▶ **TRY IT**
Please set down only the lines between the line containing "RoxSIM screenshot 1" and the end of the records, inclusive, exactly as they stand.

▶ **PROVIDED DATA**
───

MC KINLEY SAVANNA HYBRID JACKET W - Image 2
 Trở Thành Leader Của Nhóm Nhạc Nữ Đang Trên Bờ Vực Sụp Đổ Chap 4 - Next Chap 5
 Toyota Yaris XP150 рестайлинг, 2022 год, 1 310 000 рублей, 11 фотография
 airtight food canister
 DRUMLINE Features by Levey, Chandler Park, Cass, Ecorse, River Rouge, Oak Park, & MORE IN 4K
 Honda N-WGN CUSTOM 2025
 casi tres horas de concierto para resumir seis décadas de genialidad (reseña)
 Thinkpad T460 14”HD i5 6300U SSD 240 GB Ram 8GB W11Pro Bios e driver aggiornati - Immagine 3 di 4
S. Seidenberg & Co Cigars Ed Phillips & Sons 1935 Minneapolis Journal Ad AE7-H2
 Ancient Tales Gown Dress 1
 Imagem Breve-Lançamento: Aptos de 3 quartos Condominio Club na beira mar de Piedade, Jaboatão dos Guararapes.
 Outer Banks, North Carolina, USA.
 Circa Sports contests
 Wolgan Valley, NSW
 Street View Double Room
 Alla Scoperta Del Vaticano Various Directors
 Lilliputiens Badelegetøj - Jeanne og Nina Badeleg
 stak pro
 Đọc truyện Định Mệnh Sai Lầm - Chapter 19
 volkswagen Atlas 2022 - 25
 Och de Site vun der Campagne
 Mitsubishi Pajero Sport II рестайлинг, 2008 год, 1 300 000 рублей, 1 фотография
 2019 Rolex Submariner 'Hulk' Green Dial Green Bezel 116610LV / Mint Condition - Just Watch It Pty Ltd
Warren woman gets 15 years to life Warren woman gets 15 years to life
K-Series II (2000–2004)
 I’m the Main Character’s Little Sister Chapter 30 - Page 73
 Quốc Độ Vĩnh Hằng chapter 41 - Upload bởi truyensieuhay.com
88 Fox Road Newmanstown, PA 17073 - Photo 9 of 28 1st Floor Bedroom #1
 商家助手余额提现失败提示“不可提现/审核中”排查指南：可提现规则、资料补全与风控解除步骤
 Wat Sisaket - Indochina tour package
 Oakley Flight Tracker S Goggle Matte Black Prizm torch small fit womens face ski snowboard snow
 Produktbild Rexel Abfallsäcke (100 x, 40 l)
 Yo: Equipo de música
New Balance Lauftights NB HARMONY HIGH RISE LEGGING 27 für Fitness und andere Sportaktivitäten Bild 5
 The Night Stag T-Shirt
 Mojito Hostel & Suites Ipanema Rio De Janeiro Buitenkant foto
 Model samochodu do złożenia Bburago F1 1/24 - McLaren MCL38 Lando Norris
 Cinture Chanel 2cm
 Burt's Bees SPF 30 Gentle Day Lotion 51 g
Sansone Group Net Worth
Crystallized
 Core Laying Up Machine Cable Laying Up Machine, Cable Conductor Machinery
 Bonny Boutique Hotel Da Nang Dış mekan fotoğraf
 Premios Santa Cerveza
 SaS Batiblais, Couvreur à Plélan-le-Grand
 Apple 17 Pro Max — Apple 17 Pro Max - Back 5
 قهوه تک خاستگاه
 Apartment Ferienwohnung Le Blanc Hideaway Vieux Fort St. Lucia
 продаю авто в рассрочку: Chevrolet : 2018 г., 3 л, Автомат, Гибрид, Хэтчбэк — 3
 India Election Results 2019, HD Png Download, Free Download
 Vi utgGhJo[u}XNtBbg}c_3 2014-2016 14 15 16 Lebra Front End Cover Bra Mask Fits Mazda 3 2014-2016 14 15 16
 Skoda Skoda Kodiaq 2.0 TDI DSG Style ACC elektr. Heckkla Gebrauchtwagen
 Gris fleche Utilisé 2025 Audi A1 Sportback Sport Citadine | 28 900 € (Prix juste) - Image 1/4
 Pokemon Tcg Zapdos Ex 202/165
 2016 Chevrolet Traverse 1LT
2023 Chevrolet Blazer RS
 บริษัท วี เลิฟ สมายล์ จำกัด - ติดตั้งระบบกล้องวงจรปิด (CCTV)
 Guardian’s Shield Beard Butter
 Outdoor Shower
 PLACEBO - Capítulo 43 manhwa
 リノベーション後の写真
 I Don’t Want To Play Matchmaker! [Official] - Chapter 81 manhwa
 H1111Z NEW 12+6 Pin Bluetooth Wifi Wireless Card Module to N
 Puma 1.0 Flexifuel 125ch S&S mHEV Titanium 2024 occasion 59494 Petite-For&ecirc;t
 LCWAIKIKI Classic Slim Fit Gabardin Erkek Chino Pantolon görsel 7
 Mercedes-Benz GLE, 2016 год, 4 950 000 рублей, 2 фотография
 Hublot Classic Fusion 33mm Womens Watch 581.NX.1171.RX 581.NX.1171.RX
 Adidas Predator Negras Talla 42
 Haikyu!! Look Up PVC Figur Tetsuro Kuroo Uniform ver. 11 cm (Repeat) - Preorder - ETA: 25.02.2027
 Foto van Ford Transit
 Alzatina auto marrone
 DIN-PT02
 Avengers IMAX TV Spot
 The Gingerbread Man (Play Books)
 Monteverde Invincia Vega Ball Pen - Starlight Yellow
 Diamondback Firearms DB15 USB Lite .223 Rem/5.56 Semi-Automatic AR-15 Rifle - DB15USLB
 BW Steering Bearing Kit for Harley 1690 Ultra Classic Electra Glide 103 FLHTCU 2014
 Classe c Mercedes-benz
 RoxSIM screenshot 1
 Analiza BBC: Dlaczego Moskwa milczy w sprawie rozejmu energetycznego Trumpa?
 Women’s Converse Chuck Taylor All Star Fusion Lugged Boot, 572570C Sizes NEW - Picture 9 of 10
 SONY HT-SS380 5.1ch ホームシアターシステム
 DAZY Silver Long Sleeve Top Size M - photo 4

───

▶ **RESULT**
 RoxSIM screenshot 1
 Analiza BBC: Dlaczego Moskwa milczy w sprawie rozejmu energetycznego Trumpa?
 Women’s Converse Chuck Taylor All Star Fusion Lugged Boot, 572570C Sizes NEW - Picture 9 of 10
 SONY HT-SS380 5.1ch ホームシアターシステム
 DAZY Silver Long Sleeve Top Size M - photo 4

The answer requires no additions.